## COLLECTED MATERIAL
[Start of Attachment]
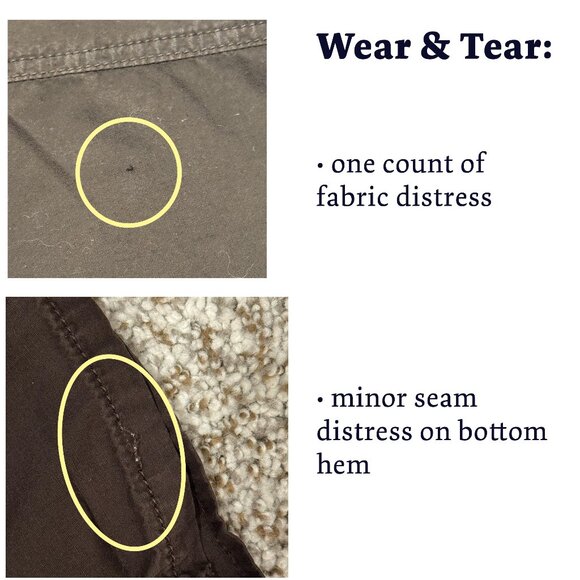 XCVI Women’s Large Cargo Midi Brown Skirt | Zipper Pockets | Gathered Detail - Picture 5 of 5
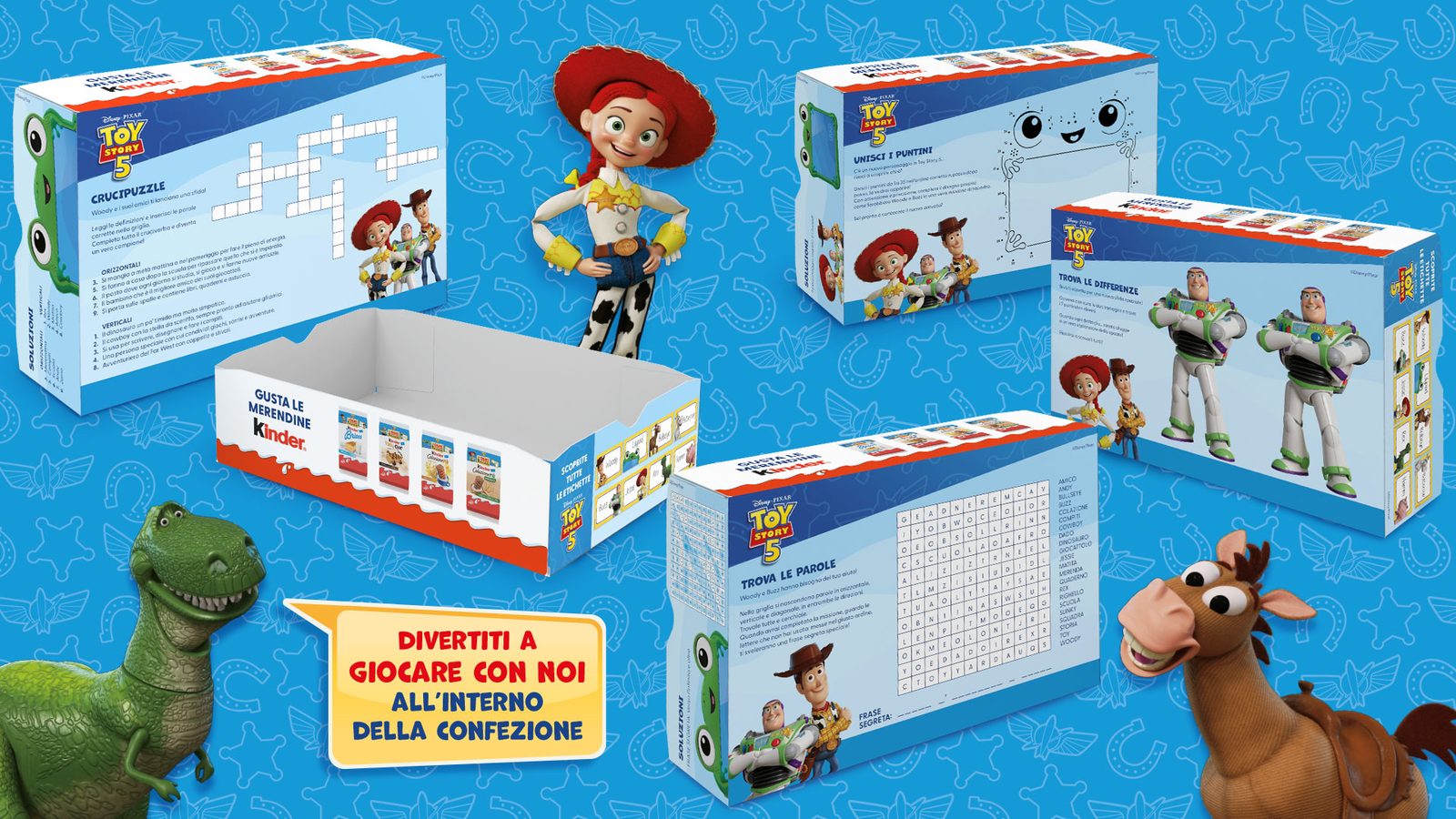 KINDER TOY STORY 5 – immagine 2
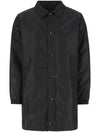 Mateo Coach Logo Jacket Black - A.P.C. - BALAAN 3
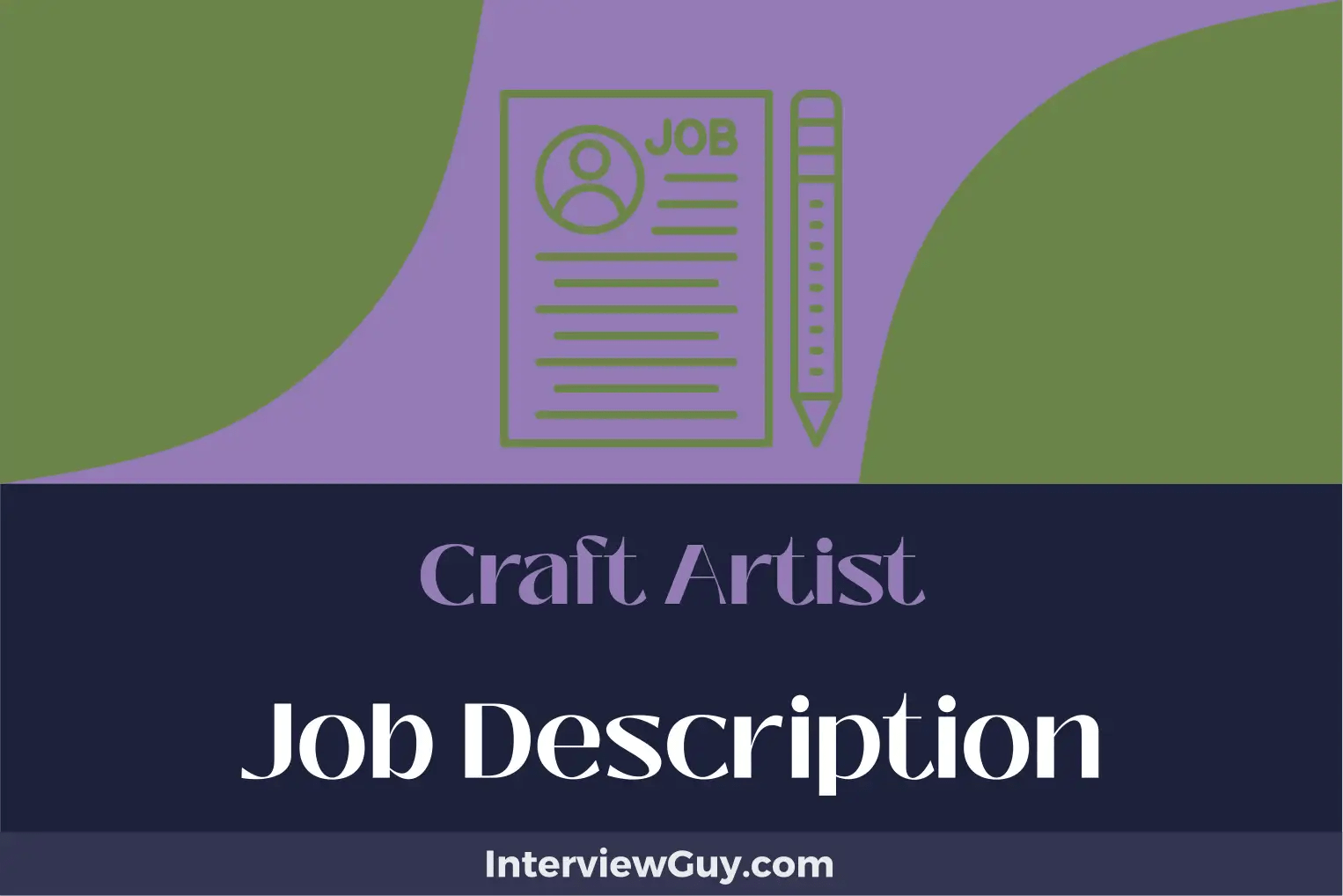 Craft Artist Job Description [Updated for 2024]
[End of Attachment]
## YOUR GOAL
Go through the listing above and retype each line exactly, apart from the pictures.

## RESPONSE TO THE EXERCISE
 XCVI Women’s Large Cargo Midi Brown Skirt | Zipper Pockets | Gathered Detail - Picture 5 of 5
 KINDER TOY STORY 5 – immagine 2
 Mateo Coach Logo Jacket Black - A.P.C. - BALAAN 3
 Craft Artist Job Description [Updated for 2024]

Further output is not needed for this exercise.